Antineutrophil cytoplasmic antibody (ANCA) positive small-vessel vasculitides are also seen in the pediatric population. Granulomatosis with polyangiitis (GPA) (formerly known as Wegener granulomatosis) is a granulomatous vasculitis that most commonly involves the sinopulmonary system but can involve any organ system. Presenting features may include purpuric rash, recurrent sinusitis, epistaxis, shortness of breath, and/or hemoptysis from alveolar hemorrhage. It is also commonly associated with a necrotizing glomerulonephritis that may cause significant renal impairment. [5] Patients with Wegener granulomatosis have a positive ANCA finding in 90% of cases, most frequently in a cytoplasmic pattern (c-ANCA), with antibodies against proteinase 3 (anti-PR3). [6]

Classification criteria for GPA include 3 of the following 6 features:

  • Abnormal urinalysis findings (hematuria and/or significant proteinuria)

  • Granulomatous inflammation on biopsy (If a kidney biopsy is done it characteristically shows necrotizing pauci-immune glomerulonephritis.)

  • Nasal sinus inflammation

  • Subglottic, tracheal, or endobronchial stenosis

  • Abnormal chest radiography or CT findings

  • PR3 ANCA or c-ANCA staining

Microscopic polyangiitis (MPA) is a necrotizing vasculitis associated with glomerulonephritis and pulmonary capillaritis. Presenting features include purpuric rash, proteinuria and/or hematuria, hemoptysis, CNS involvement, and arthralgias. [7] MPA is associated with ANCA, most commonly with a perinuclear pattern (p-ANCA) and antibodies against myeloperoxidase (anti-MPO).

Churg-Strauss syndrome (CSS) is an eosinophilic granulomatous vasculitis characterized predominantly by pulmonary involvement. Patients typically have a previous history of asthma, allergic rhinitis, and/or sinusitis. A characteristic feature is the finding of nonfixed pulmonary infiltrates. Eosinophilic infiltration results in multiorgan involvement, including neuropathy and cardiovascular disease (pericarditis). [8] ANCA positivity is seen in approximately 40% of patients, usually with an “atypical” or “indeterminate” pattern.
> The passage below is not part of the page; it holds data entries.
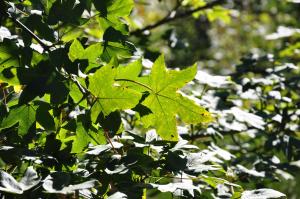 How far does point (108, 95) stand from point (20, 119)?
0.27 metres

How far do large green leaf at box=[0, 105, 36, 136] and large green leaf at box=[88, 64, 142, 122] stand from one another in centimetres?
20

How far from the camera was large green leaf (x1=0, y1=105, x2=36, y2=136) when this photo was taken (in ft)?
3.99

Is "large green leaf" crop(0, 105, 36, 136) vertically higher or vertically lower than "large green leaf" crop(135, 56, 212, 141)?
lower

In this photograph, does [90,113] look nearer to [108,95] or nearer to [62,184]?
[108,95]

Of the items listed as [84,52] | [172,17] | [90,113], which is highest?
[84,52]

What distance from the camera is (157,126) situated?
1238 mm

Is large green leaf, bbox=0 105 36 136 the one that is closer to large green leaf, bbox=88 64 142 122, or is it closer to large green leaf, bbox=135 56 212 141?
large green leaf, bbox=88 64 142 122

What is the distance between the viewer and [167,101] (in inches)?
47.4

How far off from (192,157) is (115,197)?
1.07 ft

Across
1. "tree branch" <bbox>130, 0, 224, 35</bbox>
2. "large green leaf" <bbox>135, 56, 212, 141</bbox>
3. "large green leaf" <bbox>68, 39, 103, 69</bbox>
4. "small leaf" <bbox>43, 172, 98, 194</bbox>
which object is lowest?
"tree branch" <bbox>130, 0, 224, 35</bbox>

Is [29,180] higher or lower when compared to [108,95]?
lower

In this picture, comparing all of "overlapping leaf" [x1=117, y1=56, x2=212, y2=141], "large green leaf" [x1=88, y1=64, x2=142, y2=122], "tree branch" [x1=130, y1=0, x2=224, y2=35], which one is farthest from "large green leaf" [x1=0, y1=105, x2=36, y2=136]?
"tree branch" [x1=130, y1=0, x2=224, y2=35]

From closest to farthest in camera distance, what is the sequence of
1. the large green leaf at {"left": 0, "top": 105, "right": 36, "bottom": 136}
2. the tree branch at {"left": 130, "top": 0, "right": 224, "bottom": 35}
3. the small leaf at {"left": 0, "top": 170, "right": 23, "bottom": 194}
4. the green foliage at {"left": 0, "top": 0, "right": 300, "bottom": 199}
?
the small leaf at {"left": 0, "top": 170, "right": 23, "bottom": 194} < the green foliage at {"left": 0, "top": 0, "right": 300, "bottom": 199} < the large green leaf at {"left": 0, "top": 105, "right": 36, "bottom": 136} < the tree branch at {"left": 130, "top": 0, "right": 224, "bottom": 35}

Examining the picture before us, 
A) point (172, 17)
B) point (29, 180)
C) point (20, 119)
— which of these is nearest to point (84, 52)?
point (20, 119) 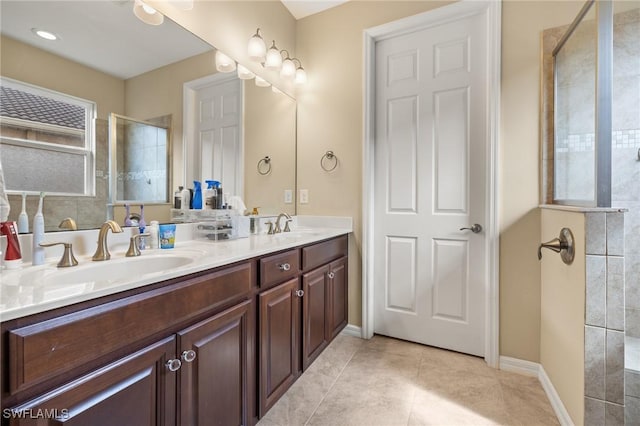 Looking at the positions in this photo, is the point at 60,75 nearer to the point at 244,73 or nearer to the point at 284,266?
the point at 244,73

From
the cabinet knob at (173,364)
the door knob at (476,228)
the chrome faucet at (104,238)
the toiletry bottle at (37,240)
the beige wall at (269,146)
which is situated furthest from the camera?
the beige wall at (269,146)

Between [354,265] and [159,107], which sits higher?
[159,107]

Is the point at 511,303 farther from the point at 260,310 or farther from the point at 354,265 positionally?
the point at 260,310

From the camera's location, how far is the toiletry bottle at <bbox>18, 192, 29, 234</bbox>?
102 centimetres

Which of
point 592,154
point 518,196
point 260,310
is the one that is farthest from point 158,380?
point 518,196

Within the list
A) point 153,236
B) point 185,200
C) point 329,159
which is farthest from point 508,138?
point 153,236

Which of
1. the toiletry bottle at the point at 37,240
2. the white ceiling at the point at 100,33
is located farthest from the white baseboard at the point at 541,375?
the white ceiling at the point at 100,33

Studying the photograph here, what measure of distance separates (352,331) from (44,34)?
2.39m

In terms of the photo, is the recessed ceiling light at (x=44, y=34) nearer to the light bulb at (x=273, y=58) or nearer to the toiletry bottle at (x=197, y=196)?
the toiletry bottle at (x=197, y=196)

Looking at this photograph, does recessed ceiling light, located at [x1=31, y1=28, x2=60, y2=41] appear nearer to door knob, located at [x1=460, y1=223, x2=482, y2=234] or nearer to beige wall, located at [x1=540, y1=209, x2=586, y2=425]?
beige wall, located at [x1=540, y1=209, x2=586, y2=425]

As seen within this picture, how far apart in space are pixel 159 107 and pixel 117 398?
1278 mm

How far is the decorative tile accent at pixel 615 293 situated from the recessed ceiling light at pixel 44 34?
231 cm

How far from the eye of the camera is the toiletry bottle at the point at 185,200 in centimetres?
160

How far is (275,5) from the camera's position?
2.29m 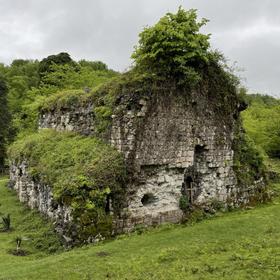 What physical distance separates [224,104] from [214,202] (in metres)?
4.43

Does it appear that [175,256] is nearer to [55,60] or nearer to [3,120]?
[3,120]

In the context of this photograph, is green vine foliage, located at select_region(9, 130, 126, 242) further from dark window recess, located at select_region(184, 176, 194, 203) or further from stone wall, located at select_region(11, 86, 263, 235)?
dark window recess, located at select_region(184, 176, 194, 203)

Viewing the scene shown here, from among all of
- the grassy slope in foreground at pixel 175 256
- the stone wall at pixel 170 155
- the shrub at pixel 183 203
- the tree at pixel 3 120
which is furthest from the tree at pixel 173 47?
the tree at pixel 3 120

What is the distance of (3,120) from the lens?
43469 millimetres

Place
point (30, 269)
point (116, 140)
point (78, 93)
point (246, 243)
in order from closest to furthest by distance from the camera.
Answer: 1. point (30, 269)
2. point (246, 243)
3. point (116, 140)
4. point (78, 93)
Isolated cutaneous leukocytoclastic vasculitis can be either primary (rarely) or secondary to various medications, infections, or collagen vascular disease.

Hypocomplementemic urticarial vasculitis is a cutaneous vasculitis that may result from primary hypocomplementemia or as part of a disease associated with low complement levels (eg, systemic lupus erythematosus).